• Problem details
Look below for the line with "Having a high" and the line with "This is Brooklyn"; repeat exactly those two lines and all lines between them, but no pictures.

• Provided entries

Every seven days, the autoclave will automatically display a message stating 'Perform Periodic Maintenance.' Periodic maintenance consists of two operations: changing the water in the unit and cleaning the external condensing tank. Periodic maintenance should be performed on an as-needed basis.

--

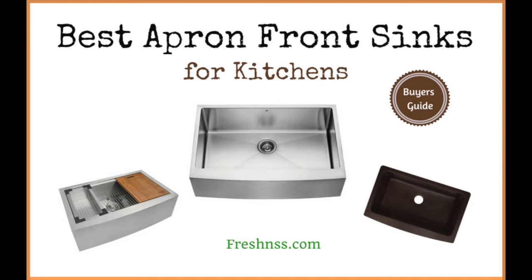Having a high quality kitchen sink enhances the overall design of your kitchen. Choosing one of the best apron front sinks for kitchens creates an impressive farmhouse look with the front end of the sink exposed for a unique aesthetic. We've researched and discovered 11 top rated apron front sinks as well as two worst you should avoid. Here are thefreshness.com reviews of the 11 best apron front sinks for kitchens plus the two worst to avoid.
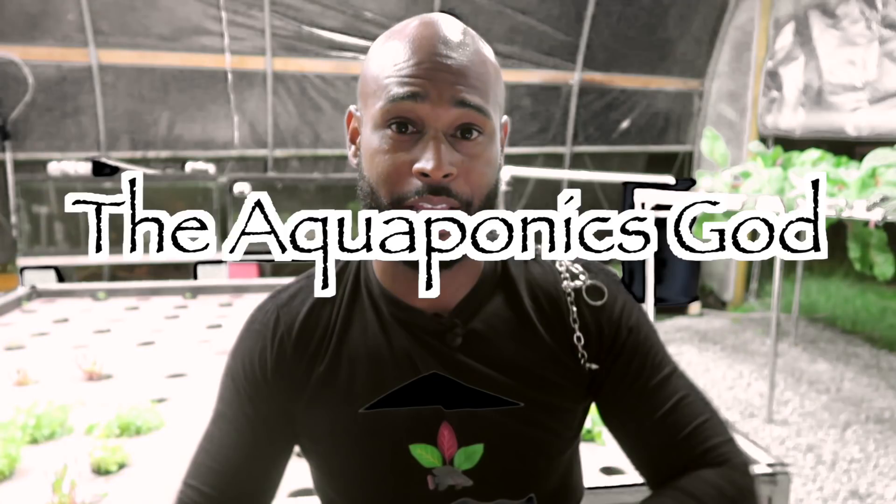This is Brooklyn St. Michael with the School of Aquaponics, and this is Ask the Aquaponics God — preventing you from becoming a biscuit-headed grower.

• Exercise output
Having a high quality kitchen sink enhances the overall design of your kitchen. Choosing one of the best apron front sinks for kitchens creates an impressive farmhouse look with the front end of the sink exposed for a unique aesthetic. We've researched and discovered 11 top rated apron front sinks as well as two worst you should avoid. Here are thefreshness.com reviews of the 11 best apron front sinks for kitchens plus the two worst to avoid.
This is Brooklyn St. Michael with the School of Aquaponics, and this is Ask the Aquaponics God — preventing you from becoming a biscuit-headed grower.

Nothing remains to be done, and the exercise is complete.